* [WORK ORDER]
Every line from the beginning of the data through the line containing "Burglehnerhof Aparthotel Ramsau" should be reproduced exactly, and no further lines should be output.

* [SUPPLIED ENTRIES]
* * *
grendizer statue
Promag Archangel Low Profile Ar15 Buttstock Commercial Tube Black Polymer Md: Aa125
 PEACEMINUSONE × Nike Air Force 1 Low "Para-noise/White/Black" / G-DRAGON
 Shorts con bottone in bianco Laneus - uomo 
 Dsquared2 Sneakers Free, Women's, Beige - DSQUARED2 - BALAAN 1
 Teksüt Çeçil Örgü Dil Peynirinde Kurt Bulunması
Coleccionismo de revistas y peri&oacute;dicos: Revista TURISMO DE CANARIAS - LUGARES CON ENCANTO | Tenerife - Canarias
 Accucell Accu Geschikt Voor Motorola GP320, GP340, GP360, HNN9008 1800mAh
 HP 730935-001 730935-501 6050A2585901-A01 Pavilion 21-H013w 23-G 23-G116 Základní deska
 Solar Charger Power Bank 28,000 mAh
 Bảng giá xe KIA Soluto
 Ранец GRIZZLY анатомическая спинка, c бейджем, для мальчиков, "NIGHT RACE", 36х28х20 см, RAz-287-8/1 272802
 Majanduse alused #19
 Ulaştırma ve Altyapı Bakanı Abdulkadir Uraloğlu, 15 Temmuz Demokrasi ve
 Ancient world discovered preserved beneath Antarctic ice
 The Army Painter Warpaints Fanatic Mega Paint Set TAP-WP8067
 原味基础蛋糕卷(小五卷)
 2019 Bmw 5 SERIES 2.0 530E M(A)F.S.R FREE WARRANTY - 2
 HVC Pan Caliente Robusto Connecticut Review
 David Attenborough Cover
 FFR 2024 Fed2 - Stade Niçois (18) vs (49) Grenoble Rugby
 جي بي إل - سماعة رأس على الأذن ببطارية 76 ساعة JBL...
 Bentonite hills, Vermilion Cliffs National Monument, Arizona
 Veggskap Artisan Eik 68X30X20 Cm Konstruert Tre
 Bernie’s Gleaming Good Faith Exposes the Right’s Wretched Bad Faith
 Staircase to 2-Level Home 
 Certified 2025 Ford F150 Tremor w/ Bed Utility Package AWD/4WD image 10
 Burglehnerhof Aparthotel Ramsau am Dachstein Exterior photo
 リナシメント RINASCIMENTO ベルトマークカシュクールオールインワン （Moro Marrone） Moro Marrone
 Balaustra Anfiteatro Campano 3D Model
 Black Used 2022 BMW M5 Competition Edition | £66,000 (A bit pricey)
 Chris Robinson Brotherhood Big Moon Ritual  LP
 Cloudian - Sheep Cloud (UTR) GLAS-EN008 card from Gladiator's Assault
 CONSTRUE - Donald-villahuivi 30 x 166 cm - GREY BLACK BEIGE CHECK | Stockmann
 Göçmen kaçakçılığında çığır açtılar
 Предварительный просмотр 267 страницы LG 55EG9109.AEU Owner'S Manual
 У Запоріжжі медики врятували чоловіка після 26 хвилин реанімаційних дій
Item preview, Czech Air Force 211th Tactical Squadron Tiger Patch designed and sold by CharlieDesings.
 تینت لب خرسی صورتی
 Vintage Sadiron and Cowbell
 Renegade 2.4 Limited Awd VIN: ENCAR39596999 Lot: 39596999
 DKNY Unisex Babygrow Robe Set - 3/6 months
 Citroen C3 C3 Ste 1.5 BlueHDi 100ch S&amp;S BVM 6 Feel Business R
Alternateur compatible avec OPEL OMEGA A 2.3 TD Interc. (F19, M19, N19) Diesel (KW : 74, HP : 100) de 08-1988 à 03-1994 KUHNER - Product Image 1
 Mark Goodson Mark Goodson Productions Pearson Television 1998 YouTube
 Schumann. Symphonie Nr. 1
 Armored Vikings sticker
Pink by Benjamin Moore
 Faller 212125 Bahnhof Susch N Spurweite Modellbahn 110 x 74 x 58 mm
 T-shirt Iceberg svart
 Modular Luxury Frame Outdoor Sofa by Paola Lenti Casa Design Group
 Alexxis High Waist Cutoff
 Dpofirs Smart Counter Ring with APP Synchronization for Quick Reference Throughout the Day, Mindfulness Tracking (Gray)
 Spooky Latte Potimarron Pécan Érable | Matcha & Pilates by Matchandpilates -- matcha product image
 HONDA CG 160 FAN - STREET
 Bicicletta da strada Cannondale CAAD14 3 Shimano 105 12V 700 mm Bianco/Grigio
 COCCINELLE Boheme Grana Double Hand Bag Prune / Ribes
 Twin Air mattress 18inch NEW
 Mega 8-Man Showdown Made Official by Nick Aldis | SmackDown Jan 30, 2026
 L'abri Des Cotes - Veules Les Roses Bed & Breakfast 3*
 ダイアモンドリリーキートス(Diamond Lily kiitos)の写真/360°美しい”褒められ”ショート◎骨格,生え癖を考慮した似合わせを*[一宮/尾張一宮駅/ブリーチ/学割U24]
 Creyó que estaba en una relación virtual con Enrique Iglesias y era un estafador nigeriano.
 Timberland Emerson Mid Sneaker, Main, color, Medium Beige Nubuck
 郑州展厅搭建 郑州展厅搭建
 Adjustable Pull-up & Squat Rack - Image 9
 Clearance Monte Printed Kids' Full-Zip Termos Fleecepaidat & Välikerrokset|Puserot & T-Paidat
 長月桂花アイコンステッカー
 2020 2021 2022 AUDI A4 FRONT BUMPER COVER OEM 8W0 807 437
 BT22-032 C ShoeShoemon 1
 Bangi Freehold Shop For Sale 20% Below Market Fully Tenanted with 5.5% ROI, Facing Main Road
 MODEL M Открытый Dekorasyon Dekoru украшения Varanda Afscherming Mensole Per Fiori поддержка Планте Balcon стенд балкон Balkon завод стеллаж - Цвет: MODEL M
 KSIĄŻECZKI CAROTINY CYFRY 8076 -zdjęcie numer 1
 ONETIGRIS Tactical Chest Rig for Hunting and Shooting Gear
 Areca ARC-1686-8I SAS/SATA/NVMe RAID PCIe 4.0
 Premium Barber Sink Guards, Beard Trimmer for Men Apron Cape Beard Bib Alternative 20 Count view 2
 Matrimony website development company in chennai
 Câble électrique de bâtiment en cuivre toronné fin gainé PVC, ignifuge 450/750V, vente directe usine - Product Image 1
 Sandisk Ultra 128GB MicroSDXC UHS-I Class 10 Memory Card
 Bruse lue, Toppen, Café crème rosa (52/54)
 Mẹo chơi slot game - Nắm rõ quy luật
* * *
* [ANSWER FOR THIS EXERCISE]
grendizer statue
Promag Archangel Low Profile Ar15 Buttstock Commercial Tube Black Polymer Md: Aa125
 PEACEMINUSONE × Nike Air Force 1 Low "Para-noise/White/Black" / G-DRAGON
 Shorts con bottone in bianco Laneus - uomo 
 Dsquared2 Sneakers Free, Women's, Beige - DSQUARED2 - BALAAN 1
 Teksüt Çeçil Örgü Dil Peynirinde Kurt Bulunması
Coleccionismo de revistas y peri&oacute;dicos: Revista TURISMO DE CANARIAS - LUGARES CON ENCANTO | Tenerife - Canarias
 Accucell Accu Geschikt Voor Motorola GP320, GP340, GP360, HNN9008 1800mAh
 HP 730935-001 730935-501 6050A2585901-A01 Pavilion 21-H013w 23-G 23-G116 Základní deska
 Solar Charger Power Bank 28,000 mAh
 Bảng giá xe KIA Soluto
 Ранец GRIZZLY анатомическая спинка, c бейджем, для мальчиков, "NIGHT RACE", 36х28х20 см, RAz-287-8/1 272802
 Majanduse alused #19
 Ulaştırma ve Altyapı Bakanı Abdulkadir Uraloğlu, 15 Temmuz Demokrasi ve
 Ancient world discovered preserved beneath Antarctic ice
 The Army Painter Warpaints Fanatic Mega Paint Set TAP-WP8067
 原味基础蛋糕卷(小五卷)
 2019 Bmw 5 SERIES 2.0 530E M(A)F.S.R FREE WARRANTY - 2
 HVC Pan Caliente Robusto Connecticut Review
 David Attenborough Cover
 FFR 2024 Fed2 - Stade Niçois (18) vs (49) Grenoble Rugby
 جي بي إل - سماعة رأس على الأذن ببطارية 76 ساعة JBL...
 Bentonite hills, Vermilion Cliffs National Monument, Arizona
 Veggskap Artisan Eik 68X30X20 Cm Konstruert Tre
 Bernie’s Gleaming Good Faith Exposes the Right’s Wretched Bad Faith
 Staircase to 2-Level Home 
 Certified 2025 Ford F150 Tremor w/ Bed Utility Package AWD/4WD image 10
 Burglehnerhof Aparthotel Ramsau am Dachstein Exterior photo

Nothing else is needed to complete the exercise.